(SUPPLIED MATERIAL begins)

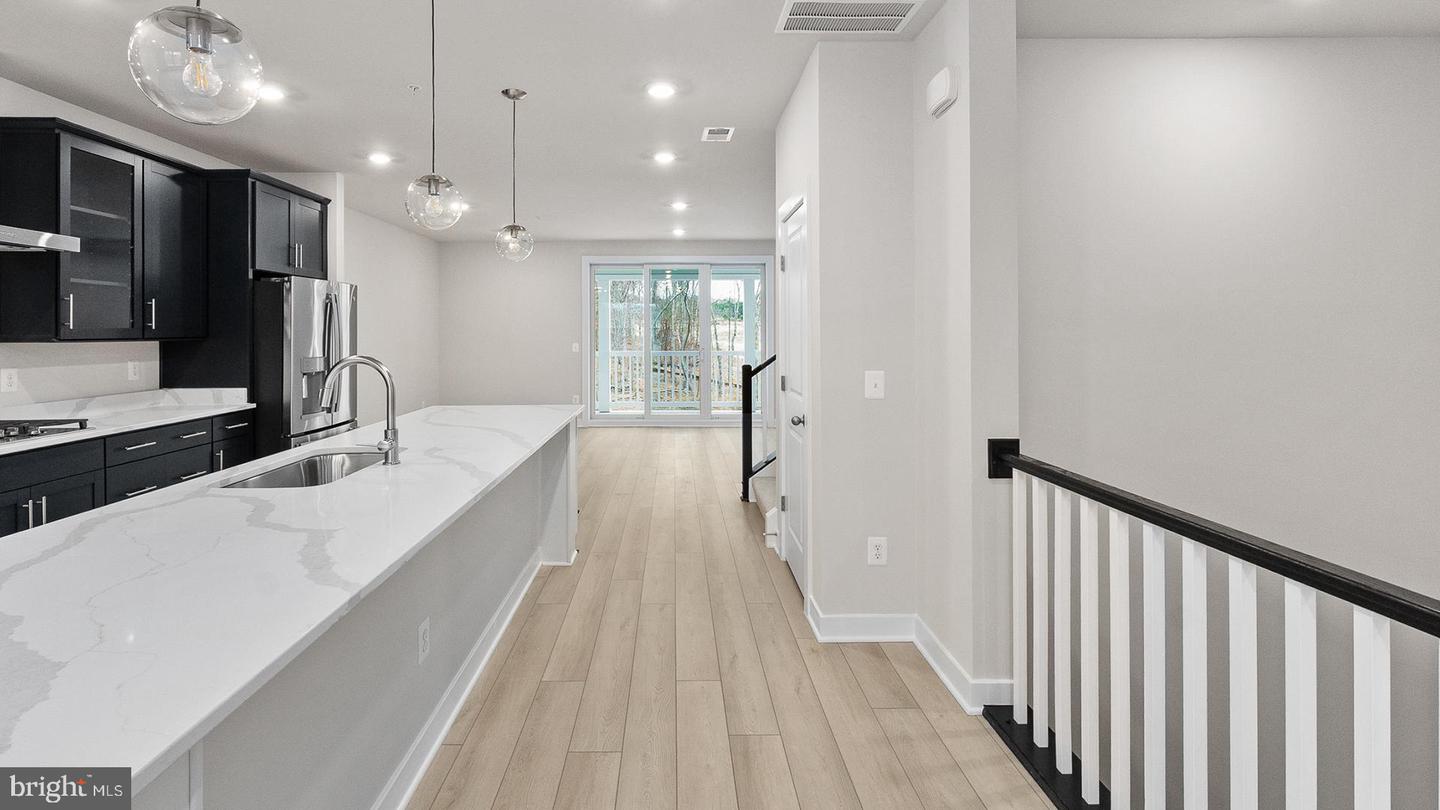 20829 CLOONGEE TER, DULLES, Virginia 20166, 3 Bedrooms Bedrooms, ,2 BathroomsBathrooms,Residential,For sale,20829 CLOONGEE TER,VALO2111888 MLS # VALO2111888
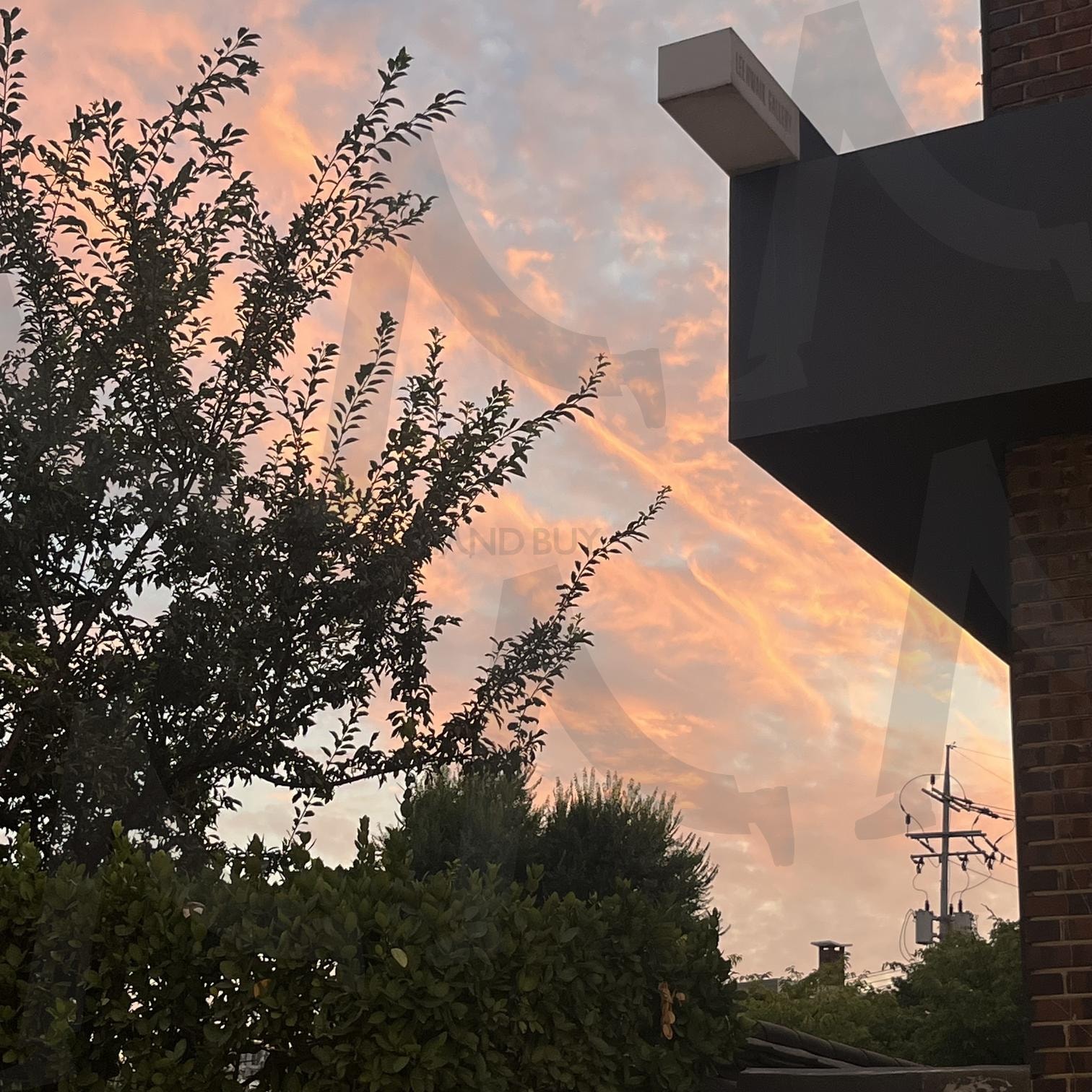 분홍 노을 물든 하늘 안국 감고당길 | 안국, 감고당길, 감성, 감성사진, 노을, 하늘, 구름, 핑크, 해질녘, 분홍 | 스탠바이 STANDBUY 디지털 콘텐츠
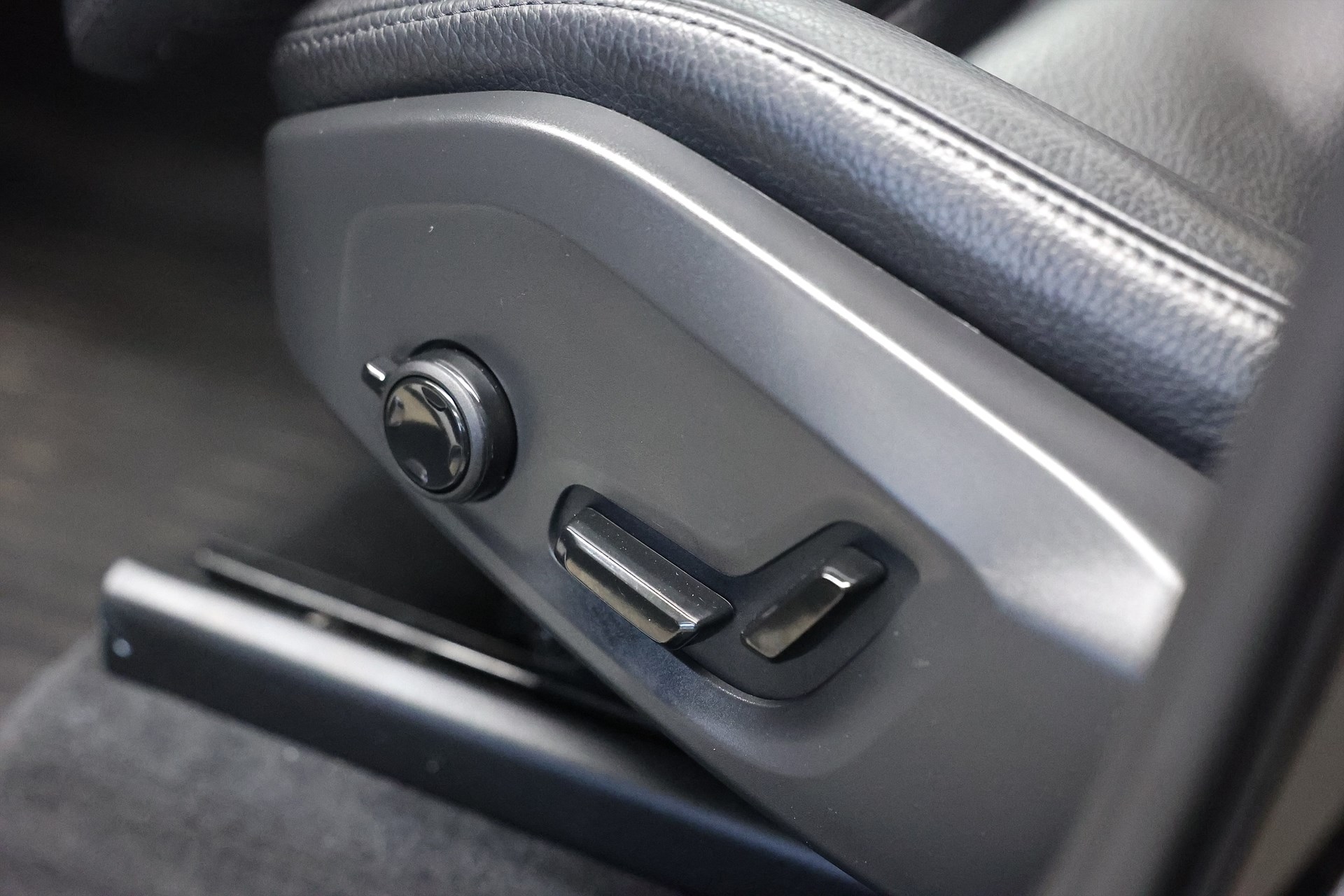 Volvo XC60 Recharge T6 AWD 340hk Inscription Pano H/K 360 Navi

(SUPPLIED MATERIAL ends)

* WORK TO BE COMPLETED: The expected output is the whole listing, word for word, minus its pictures.

* EXERCISE ANSWER:
 20829 CLOONGEE TER, DULLES, Virginia 20166, 3 Bedrooms Bedrooms, ,2 BathroomsBathrooms,Residential,For sale,20829 CLOONGEE TER,VALO2111888 MLS # VALO2111888
 분홍 노을 물든 하늘 안국 감고당길 | 안국, 감고당길, 감성, 감성사진, 노을, 하늘, 구름, 핑크, 해질녘, 분홍 | 스탠바이 STANDBUY 디지털 콘텐츠
 Volvo XC60 Recharge T6 AWD 340hk Inscription Pano H/K 360 Navi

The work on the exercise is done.